Her routine for babies is EASY (Eat, Activity, Sleep, You time) and has useful and detailed tips for dealing with common sleep issues - lengthening naps, sleeping through the night, early wakers etc.
Her sleep training technique Pick Up/Put Down is a good alternative for parents who are not comfortable with the more well known Cry it Out method. I used PU/PD on Ellis - can't say it worked entirely but it was a good place to start. It took some made MAJOR modifications along the way based on observing Ellis' responses to my various tactics, but the improvement has been tremendous.I think the key things I tried to achieve was to get Ellis to see the crib as a welcoming place and also to realise that when I leave her to sleep I'm not abandoning her.

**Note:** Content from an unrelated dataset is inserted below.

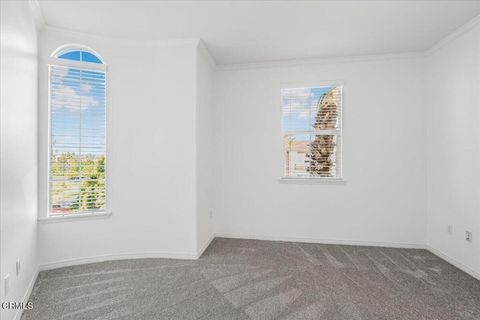 Tiny photo for 259 Riverdale Court #263, Camarillo, CA 93012 (MLS # V1-33602)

It took a LONG time before getting good and consistent results - from the time I last blogged about this topic till now. PU/PD can go on for a good 2 hours and I've had to endure marathon crying sessions in between but things are SO much better now.

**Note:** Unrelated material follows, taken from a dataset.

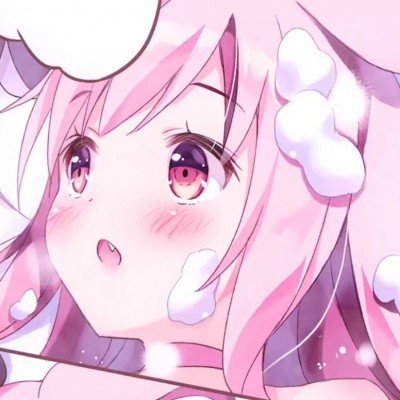 时代少年团彩排泄漏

Some things I tried that seemed to help:
+ Darkening her room
+ Closing her room door instead of leaving it ajar
+ Singing to her - amazing results. Really calms her down.

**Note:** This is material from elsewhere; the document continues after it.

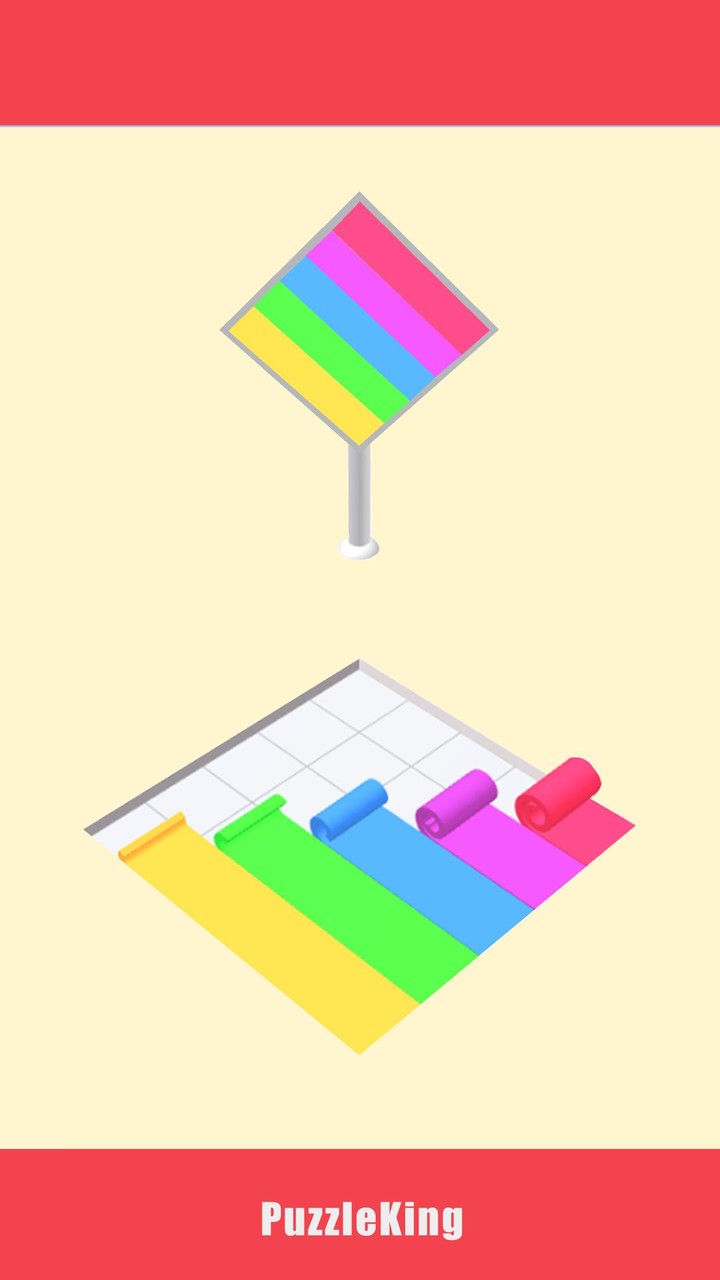 Online Cats – Multiplayer Park screenshot image 6_latestmodsapk.com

+ Talking to her - this seems to help calm and soothe her.
+ Not going to check on her immediately if I hear her cry, especially when she wakes after 45 minutes of sleep. Unless it's a distress call, I monitor and wait for 5 minutes. Many times she's been able to put herself back to sleep.
+ Sometimes if she's still crying after the routine, on those days that I know she's tired but just can't seem to sleep, I take 5. I walk out of her room (after reassuring her I'll check in on her in 5 minutes) and go do something else - laundry, etc. I monitor the crying - many times it just winds down in less than 5 minutes and she falls asleep.
+ It's almost impossible to make her fall asleep by rocking or holding her if she's worked herself up to a hysterical crying mood. So I try to distract her using a toy to calm her down first. When she's calm then I work on getting her to settle down to sleep.